Thursday, March 22, 2012

Why I don't like Fancy Nancy

I mentioned yesterday that I don't like Fancy Nancy books, so here's my reason why.

First of all, for those of you who aren't familiar with Fancy Nancy, she is a little girl (maybe about 6?) that loves to dress up and make things "fancy" (hence the name).  I actually really like how the books are written as the author puts in big "fancy" words, and then explains them (e.g., she'll use the word "bouquet" and say that it's a fancy word for a bunch of a flowers).  So they're good for expanding vocabulary (that's how Annika learned the word unique) and the stories are usually good too - usually Fancy Nancy learns a lesson in each one. And the illustrations are quite good as well - lots of vivid detail and color. 

Here's what I don't like - the overall message that Annika has picked up from these books is that looks matter most.  Fancy Nancy talks a lot about what is fancy and what is plain, and she wants everything to be fancy (because fancy is better).  Annika loves dressing up and wearing nice clothes, so she immediately latched onto this concept.  In fact, one day she even told me that she didn't like me, because I was wearing plain clothes.  Not that she didn't like my clothes - she said she didn't like me.  Yikes.  I tried to explain to her that we shouldn't judge people on what they wear, and that that was not a very nice thing to say to someone, and there's much more to people than what they're wearing, etc.  I'm hoping the message got through.  Since then, we've put away the Fancy Nancy books and have stopped borrowing them from the library.  I figure that she'll be bombarded with society's messages to look good, be thin, wear the right clothes, etc, soon enough - we don't need to be dealing with that kind of stuff already.  She still likes to wear her fancy clothes (she wears skirts and dresses almost every day and wearing a pair of jeans is a punishment to her), and she'll often ask me "don't I look fancy?"  I'll usually tell her, "yes, you look very nice", but try not to focus on it for too long.  And I also try to tell her things like she's smart, creative, funny, silly, etc as well, to try to balance things out.  We also talk about things like being a good friend, and why we like people and why people like us.  Hopefully the message is getting through that although it is fun to be fancy and look nice, there's a lot more to people than just what's on the outside.

4 comments:

tammi said...

Man, you just gotta be so careful about what goes into their little minds, eh?? I haven't noticed it so much in the books the girls read, but there are certainly things in many of the kids' TV shows out there that I don't really like my girls thinking is normal or acceptable. Particularly troubling, I find in most current children's and young kids' shows, is the rampant disrespect for adults and authority in general. Grown-ups are almost always portrayed as complete idiots (especially the males), and the kids are shown to be of vastly superior intellect and have virtually complete control.

The other thing that bugs me is diet commercials on kids' TV channels. I really don't think that should be allowed!! About a year ago, I decided to make a conscientious effort to not talk about my weight or anything related, and yet they constantly see the commercials and comment to each other on the amazing changes shown in the before and after photos. Not that long ago, Abby spent a whole evening exercising because she was concerned that she would get fat.

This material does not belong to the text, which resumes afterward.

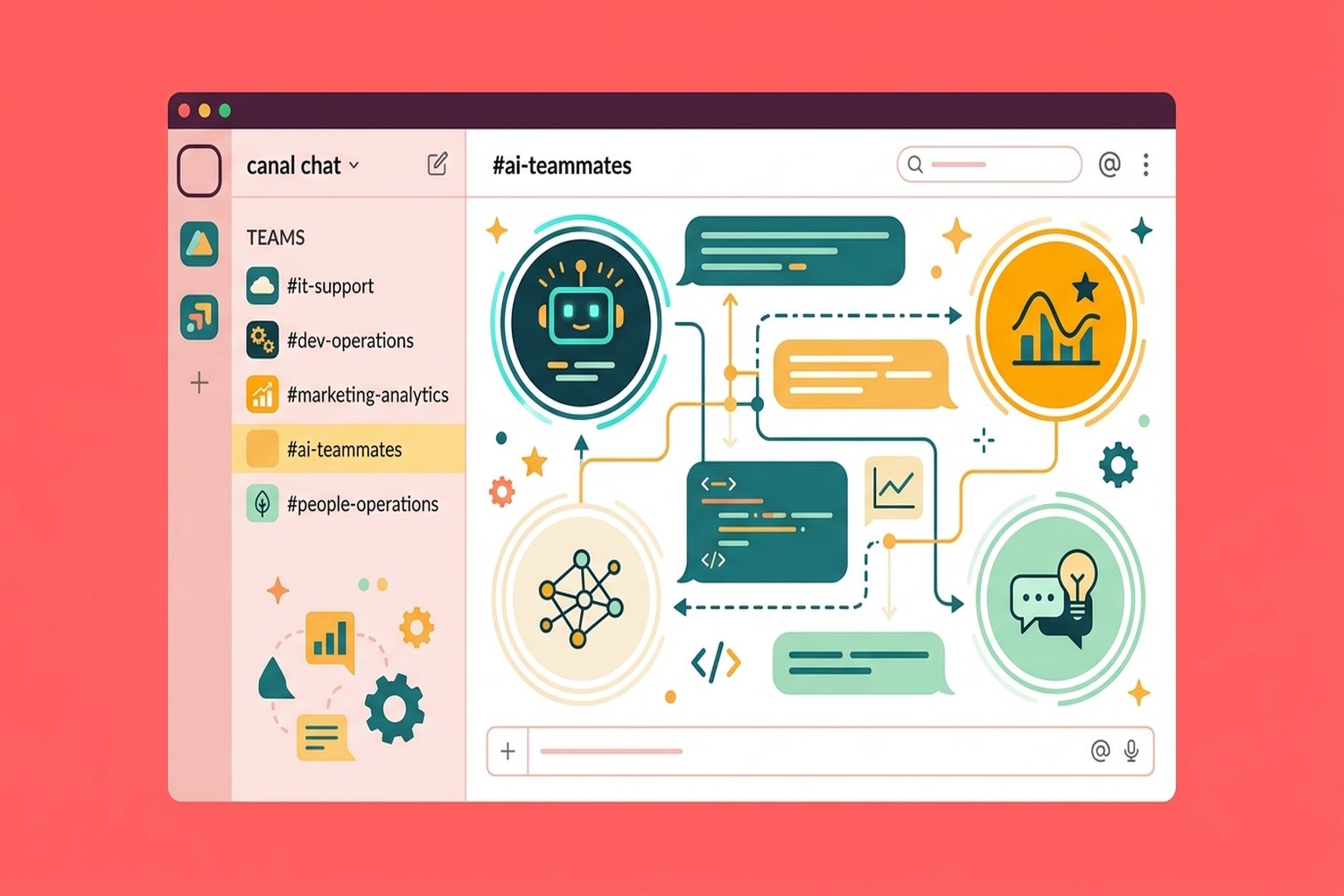 Flat design illustration showing distinct AI agent avatar bubbles in a stylized chat workspace interface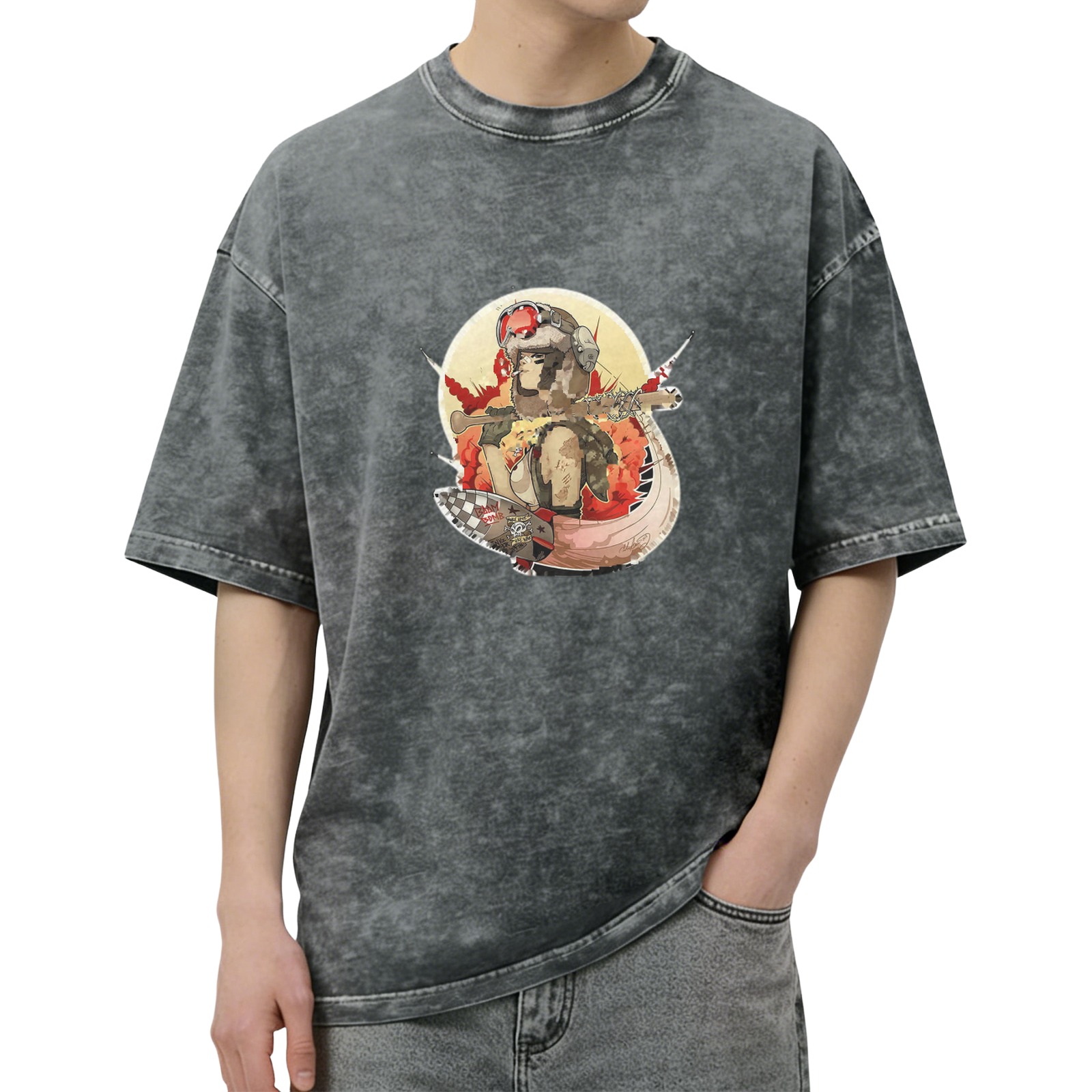 Oversized Acid Wash T-Shirt with Retro Pilot Graphic Print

Between those and a few other concerns, it's gotten bad enough that even my TV-loving husband has conceded it would probably be better if they just couldn't watch anything ~ and they're generally only allowed an hour a day as is!

Nancy said...

I like your thoughts here, Pam. It is really difficult to teach our kids what real beauty is when they are bombarded with media telling them that outside appearance is the most important thing. So far Lillian has been able to keep that balance that outside appearance does not dictate who a person is. She seems to be making the connection that it is fun to be fancy but it's more important to be a kind, thoughtful, and respectful person. Good for you for realizing that Annika needed you to protect her from those lies about outward beauty. Filling our kids with God's truth about how special and wonderful he created them will only make Annika's life more wonderful!

Andrea said...

Good for you for shelving those books! I definitely think there is far too much emphasis put on looks, even at such young ages. The earliest I remember struggling with my looks/weight, etc was in grade 9 - but just this winter Joelle complained one day about having to wear ski pants to school because she said they made her look "fat"!! We are NOT allowed to use that word in our house, so it shocked me to hear her say that.

And saddened me to think that my 8 year old is already concerned about that.

I know you weren't talking about weight here, but it fits into the 'looks' category anyway.

You're doing the right thing by feeding her with other positive things about her than just focusing on her looks. Yes, she is a beautiful girl and yes, she looks lovely in her nice dresses on Sunday mornings - but putting more emphasis on WHO she is is far better for her.

Andrea said...

ps: We were just offered some Fancy Nancy books from a friend this week, and I remembered you saying you weren't a fan of them (just couldn't remember the reason)so I passed them up.